- Born: Indore, Madhya Pradesh
- Education: National School of Drama
- Occupation: Actress
- Spouse: Boloram Das

= Tina Bhatia =

Indian actress

Tina Bhatia is an Indian actress. She is best known for her roles in Gulabo Sitabo and Gully Boy.

== Acting career ==
Bhatia made her film debut in 2012. She also worked for two TV serials namely Pyar Ke Papad and Kyunki Jeena Isi Ka Naam Hai. She has also worked in English language film Interconnect. In 2019, Bhatia played a role in Gully Boy. In 2020, she appeared in Gulabo Sitabo as a supporting role.

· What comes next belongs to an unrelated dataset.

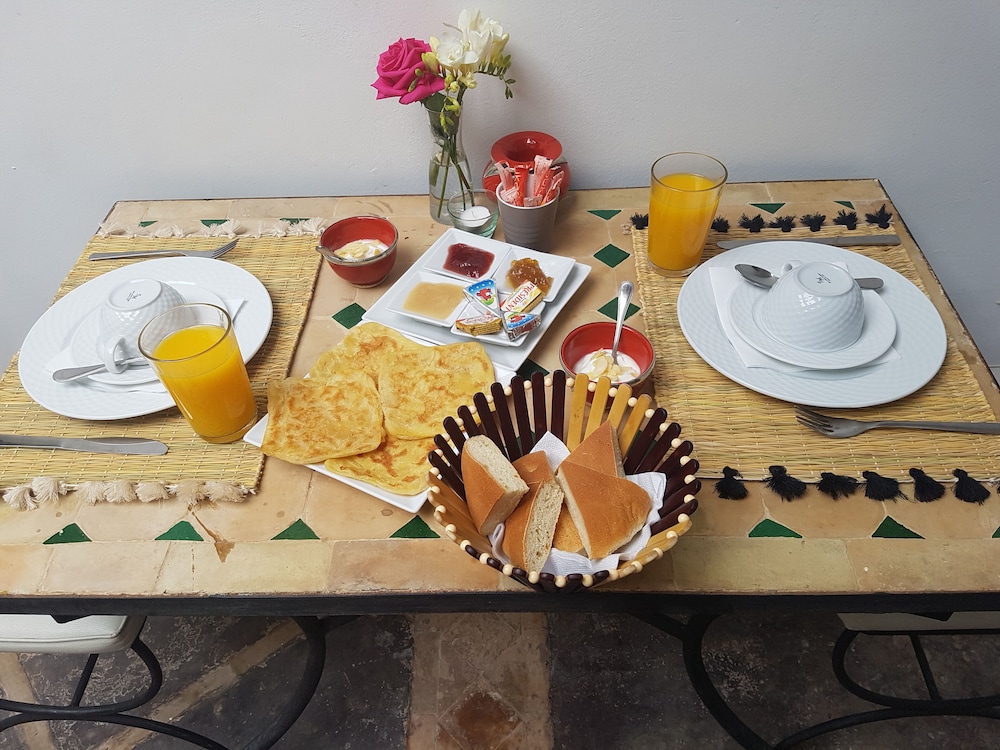 Riad Essaada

Some of her works are Sonata, BBG India, Servo OIL, Rudaali for Radio Mirchi, Symphony, and Asian Paints.

== Filmography ==

| Year | Title | Role | Language | Notes |
| 2012 | Oass | Vidya | Hindi |  |
| 2018 | Interconnect | Bela | English |  |
| 2018 | Inner City |  | Hindi | Short film |
| 2019 | Gully Boy | Chhoti Ammi | Hindi |  |
| 2020 | Gulabo Sitabo | Dulhin | Hindi |  |
| Jai Mummy Di | Teji | Hindi |  |
| Welcome Home | Prerna | Hindi |  |
| 2023 | Pulli |  | Malayalam |  |
| TBA | Shadow of Othello † | Raziya | Hindi |  |

== Television ==

| Show | Role | Channel |
|---|---|---|
| Pyar Ke Papad | Jaya | Star Bharat |
| Kyuki Jeena Isi Ka Naam Hai | Maya | Doordarshan |

== Awards and nominations ==
Bhatia has received two international awards for her short film Inner City. She received Best Actress Award in Starlight Film Awards and Best Performance Female in Lake View International Film Festival. She was also awarded Best Actress at the Cult Critic Movie Award and L' Age d'Or International Arthouse Film Festival. Her film Oass won Best Film Award at Ladakh International Film Festival.